Icahn School of Medicine at Mount Sinai authors of the study included, from left: Ron Do, PhD, Assistant Professor, Genetics and Genomic Sciences; Girish Nadkarni, MD, Assistant Professor of Medicine (Nephrology); and Kumardeep Chaudhary, PhD, Senior Postdoctoral Fellow, Genetics and Genomic Sciences. Dr. Nadkarni and Dr. Do are Co-Directors of the BioMe Phenomics Center.
A genetic variation that is prevalent in people of African or Hispanic/Latino ancestry was significantly associated with heart failure in a study by researchers at the Icahn School of Medicine at Mount Sinai and the Perelman School of Medicine at the University of Pennsylvania. The study, published in December 2019 in JAMA: The Journal of the American Medical Association, found underdiagnosis of affected patients and made a strong argument for wider genetic screening of the potentially deadly mutation, researchers say.
The team reported a significant association between the variation, TTR V142I, and a serious heart disorder, hereditary transthyretin amyloid cardiomyopathy (hATTR-CM). The TTR V142I gene variant, previously known as TTR V122I, causes the liver to produce misformed molecules of the transthyretin protein. The protein forms clusters, called amyloids, that can deposit in tissues throughout the body, including the nerves, kidneys, and joints. When amyloids lodge in the heart, they cause hATTR-CM, in which the walls of the heart become thicker and stiffer—in the worst case leading to heart failure.
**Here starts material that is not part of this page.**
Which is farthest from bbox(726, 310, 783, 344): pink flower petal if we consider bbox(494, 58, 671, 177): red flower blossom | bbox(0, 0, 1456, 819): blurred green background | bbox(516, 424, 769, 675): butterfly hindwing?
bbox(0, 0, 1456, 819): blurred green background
“Using clinical data linked to the genetic data at the BioMe™ Biobank of Mount Sinai, we found that up to 4 percent of African-Americans and 1 percent of Hispanic/Latino Americans carried this mutation,” says a corresponding author of the study, Girish Nadkarni, MD, Assistant Professor of Medicine (Nephrology), and Co-Director of the BioMe Phenomics Center in The Charles Bronfman Institute for Personalized Medicine, Icahn School of Medicine. “They had a higher risk of heart failure compared to people who didn’t have this mutation, but strikingly, very few of them had been appropriately diagnosed.”
Patient Wilbert Gibson with Sumeet S. Mitter, MD, left, and Donna M. Mancini, MD, Professor of Medicine (Cardiology), and Population Health Science and Policy.
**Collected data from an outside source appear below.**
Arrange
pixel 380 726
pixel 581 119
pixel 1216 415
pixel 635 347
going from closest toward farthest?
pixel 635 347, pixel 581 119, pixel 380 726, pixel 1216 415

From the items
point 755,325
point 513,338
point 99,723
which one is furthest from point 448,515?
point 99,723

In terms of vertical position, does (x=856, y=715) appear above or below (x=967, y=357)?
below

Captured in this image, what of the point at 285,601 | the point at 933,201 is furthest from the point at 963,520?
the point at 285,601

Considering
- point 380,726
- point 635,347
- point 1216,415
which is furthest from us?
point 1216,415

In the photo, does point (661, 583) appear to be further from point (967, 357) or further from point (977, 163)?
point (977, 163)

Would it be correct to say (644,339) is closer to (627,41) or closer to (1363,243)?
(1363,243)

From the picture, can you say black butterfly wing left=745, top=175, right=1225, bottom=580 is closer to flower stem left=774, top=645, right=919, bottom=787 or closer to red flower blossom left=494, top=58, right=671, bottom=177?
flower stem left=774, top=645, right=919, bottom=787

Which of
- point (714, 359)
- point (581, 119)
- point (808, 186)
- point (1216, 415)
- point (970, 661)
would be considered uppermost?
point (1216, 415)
The association of the TTR V142I variant with the clinical diagnosis of heart failure was evaluated in 9,694 individuals of African and Hispanic/Latino ancestry, using health records linked to genetic data from the BioMe Biobank and the Penn Medicine Biobank. Among carriers of the TTR V142I variant, the rate of diagnosis with hATTR-CM was assessed. The findings indicated both high rates of underdiagnosis and prolonged time to the appropriate diagnosis, says senior author Ron Do, PhD, Assistant Professor of Genetics and Genomic Sciences, and Co-Director of the BioMe Phenomics Center. Only 11 percent of individuals with the genetic variant and heart failure had been diagnosed with hATTR-CM, with an average time to appropriate diagnosis of three years.
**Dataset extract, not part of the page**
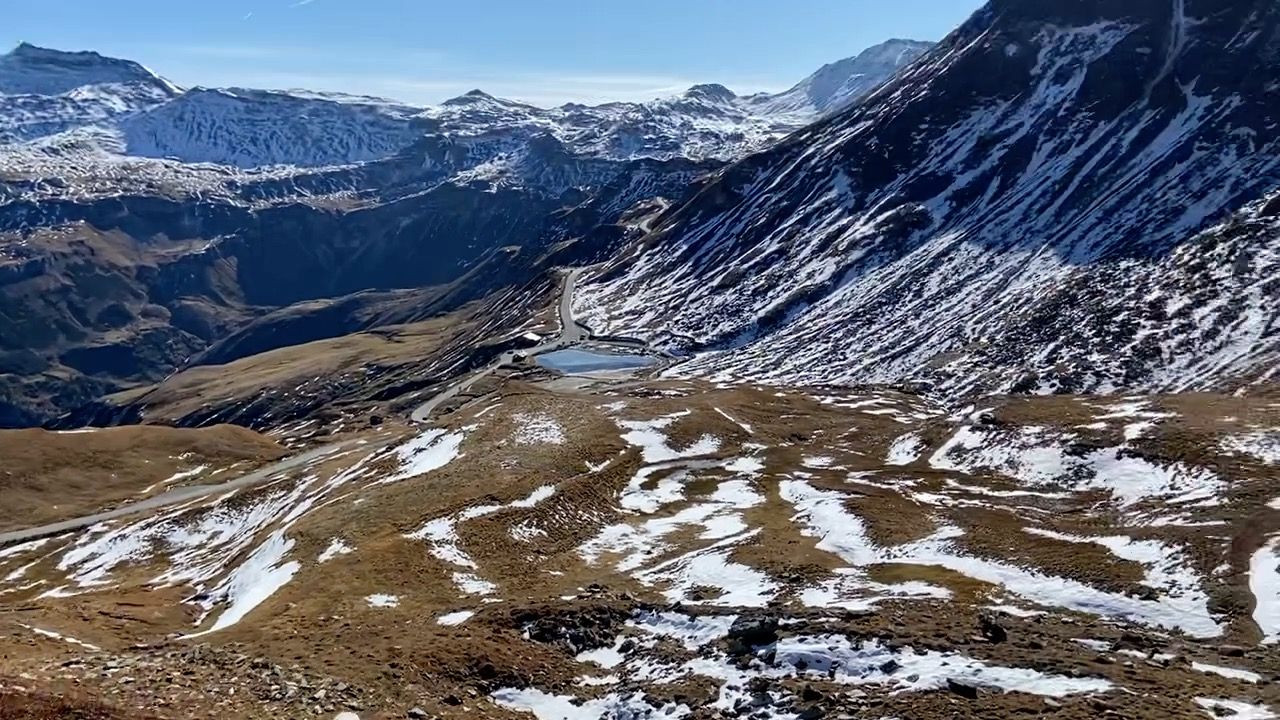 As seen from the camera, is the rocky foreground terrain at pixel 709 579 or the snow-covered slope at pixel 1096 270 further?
the snow-covered slope at pixel 1096 270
“Our hope is if we can find individuals with amyloid cardiomyopathy early through genetic screening, we can start them on therapy before a heart transplant becomes the only clinical solution,” says Sumeet S. Mitter, MD, Assistant Professor of Medicine (Cardiology), and a leader of the multidisciplinary Clinical Amyloid Program at the Icahn School of Medicine. “Early diagnosis is even more important, given recent advances in treatment for hATTR-CM.” Treatment was limited to supportive care until May 2019, when the U.S. Food and Drug Administration approved the breakthrough drug tafamidis, made by Pfizer. However, timely diagnosis is critical, since the therapy stops amyloids from depositing in tissues, but does not reverse the course of the disorder.
The experience of a Mount Sinai patient, Wilbert Gibson, is emblematic. Mr. Gibson, 63, began having worrisome symptoms in early 2019. “My weight shot up from about 170 to nearly 200 pounds.” he says. “My legs were swelling; I was having shortness of breath.” Mr. Gibson was diagnosed with cardiac amyloidosis and found to have the TTR V142I mutation. His heart failure was so advanced that he required a transplant. He received a new heart in June 2019 and says he feels restored and grateful. However, he echoes clinicians and researchers in calling for more awareness of the gene variant, its prevalence in some populations, and its association with heart failure. “People should know about this,” Mr. Gibson says.